Glenn Gould: Not Bach, but Bergmain
Another reminiscence from Daniel Poulin:
On this anniversary date of Glenn Gould’d birth it seems appropriate to celebrate the work he most often played in concert during his public career. Surprisingly it is not Bach’s Goldberg Variations -he played them no less that 24 times in concert; it is rather Alban Berg’s Op.1, his Piano Sonata. We know of at least 36 different occasions where he performed it, including during his famous Russian tour.
An anecdote worth repeating: on October 19/1953 in Peterborough Ontario he offered a recital featuring Bach (Fifth Partita), Beethoven (Sonata Op.110) and the Berg piano sonata.
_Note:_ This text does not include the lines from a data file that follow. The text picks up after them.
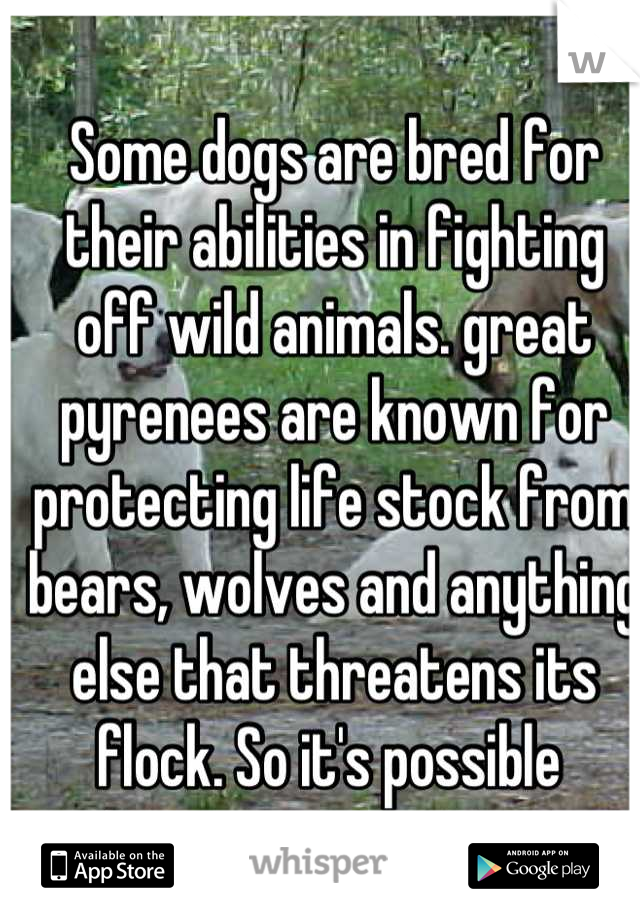 Some dogs are bred for their abilities in fighting off wild animals. great pyrenees are known for protecting life stock from bears, wolves and anything else that threatens its flock. So it's possible 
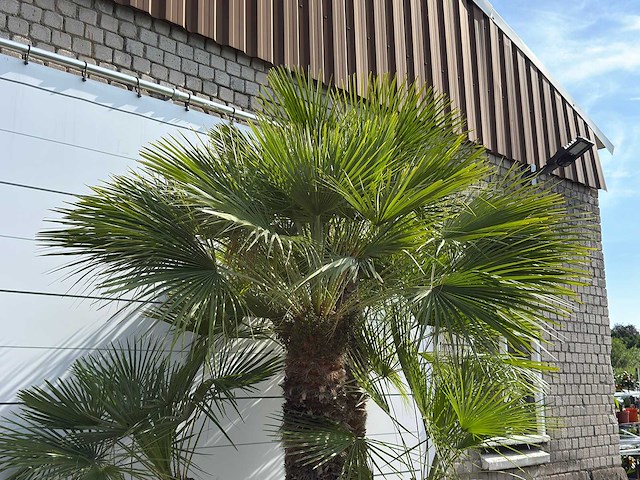Europese dwergpalm meerstammig xl - chamaerops humilis - hoogte ca. 280 cm - afbeelding 6 van  6
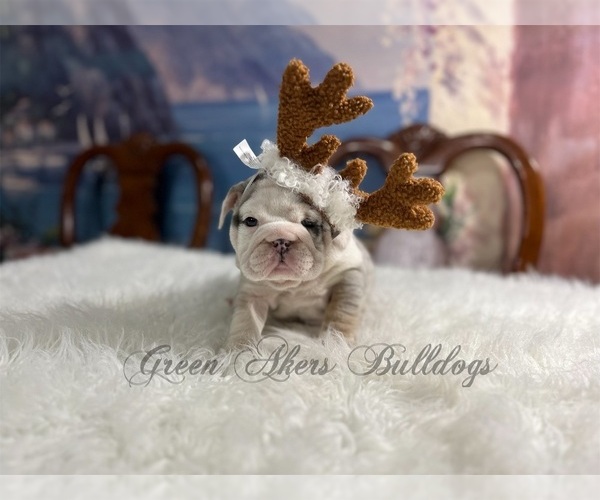 Medium Photo #5  Breeder Profile in OOLOGAH, OK, USA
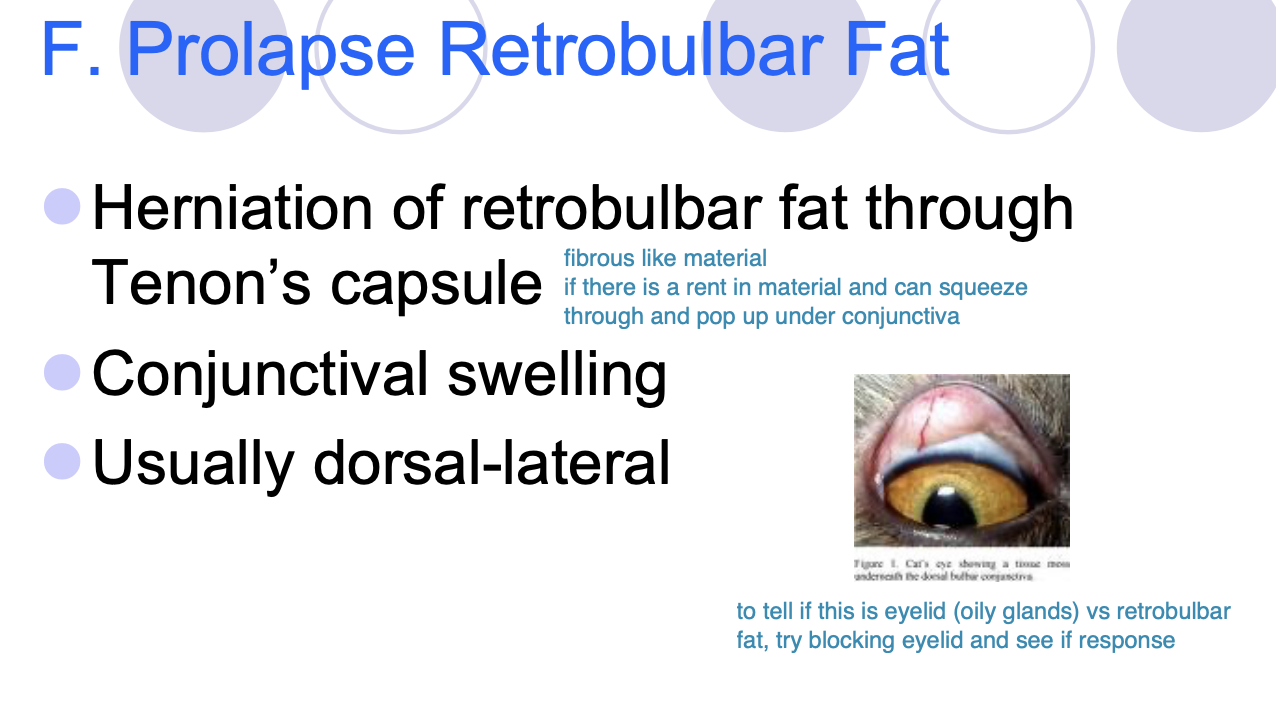 <p>herniation of retrobulbar fat through Tenon’s capsule </p><p>usually dorsal-lateral and presents as conjunctival swelling</p>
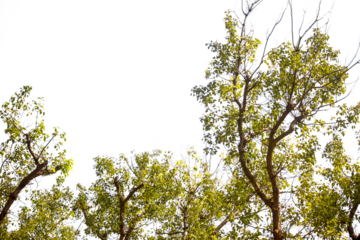 leaves against the sky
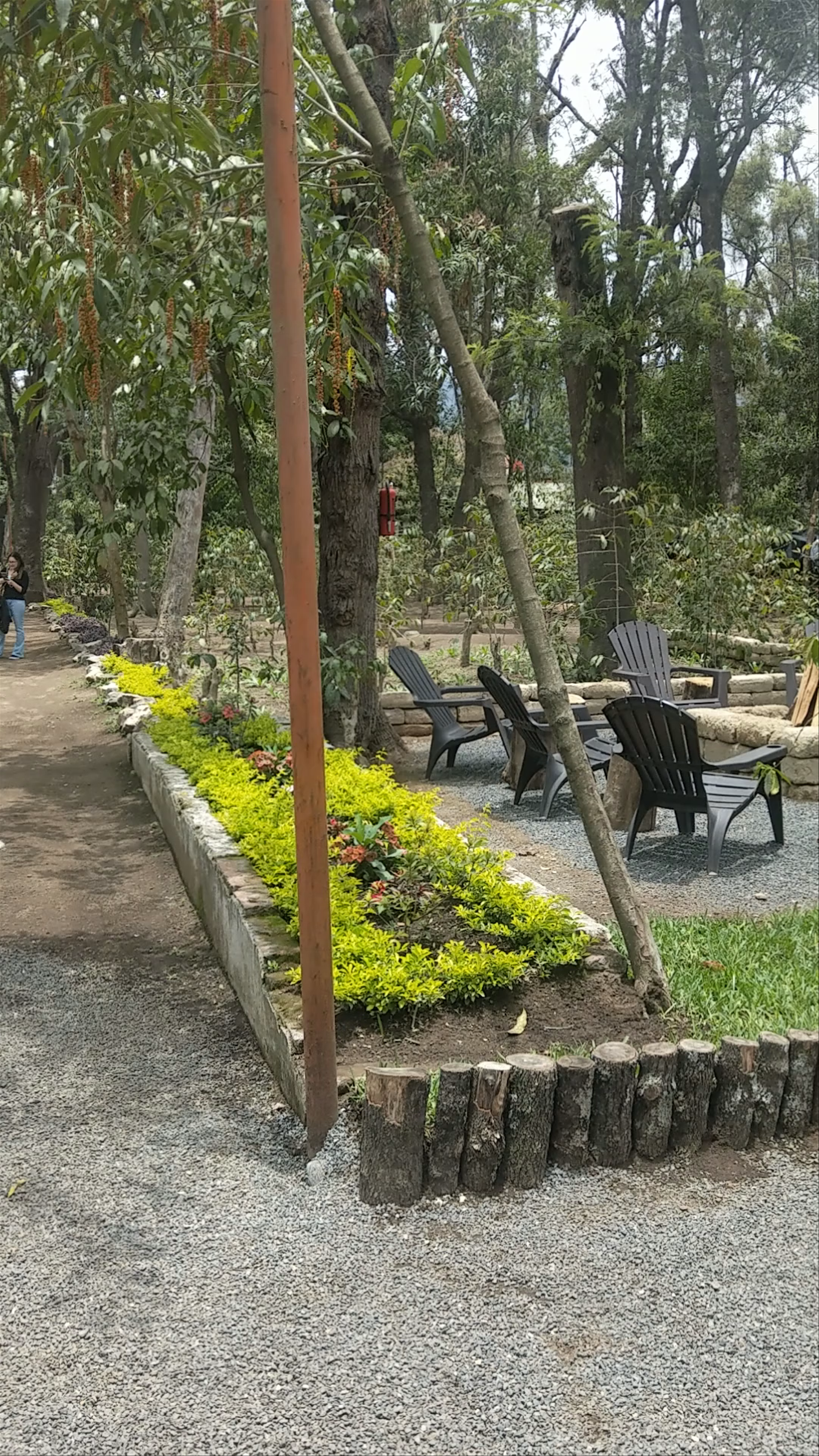 Antigua Cerveza :: El Bosque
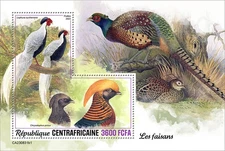 Pheasants
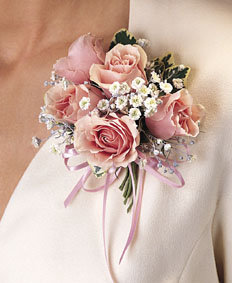 forum_user_exchange_105611.jpg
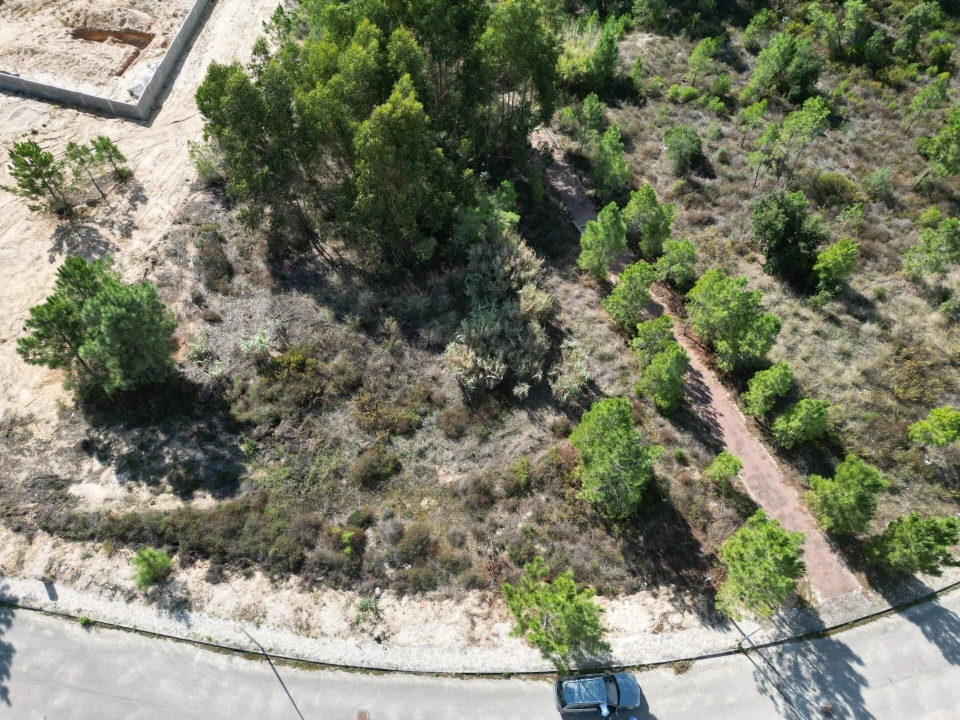 Terreno para Venda em Azambuja Foto 18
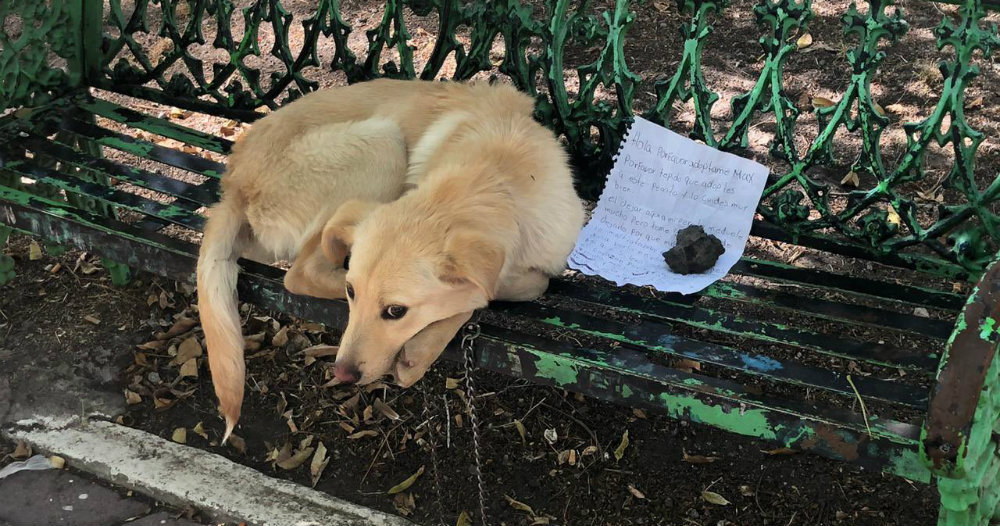 Abandona a su perrito en un parque porque su familia lo maltrataba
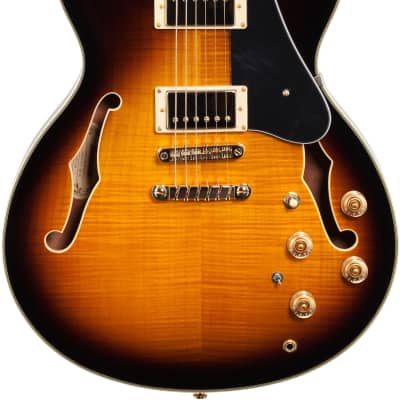 お歳暮 のし Ibanez JSM10 Reverb | Signature Scofield John シューズ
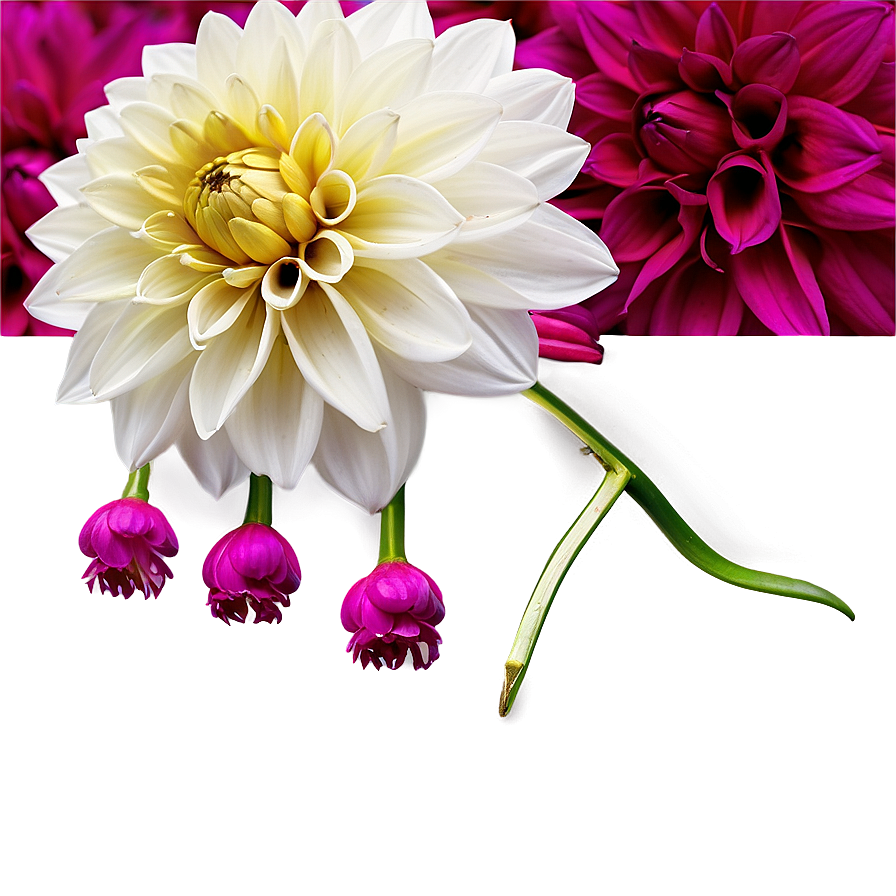 Dahlia Floral Border Png Kum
Now, in 1953 the music of the Second Viennese School (Berg, Schoenberg Webern) was quite new territory for most audiences in North America. In order to prepare the public for what it was about to hear, Gould gave a little speech -with much enthusiasm- explaining the nature and quality of the work he was to play next. After performing the Sonata he got a standing ovation with sustained loud applause. “Well, since you seemed to have liked it so much, I will play it again for you”, said a very happy Gould. Needless to say, the reaction after the repeat performance was quite subdued, the applause very polite. Everybody was afraid he would play it a third time.
Glenn Gould’s relationship with Alban Berg’s Piano Sonata is often overlooked. Indeed, he recorded the work eight times between 1952 and 1974 in a variety of circumstances: live and studio recordings, radio and television broadcasts, and a documentary.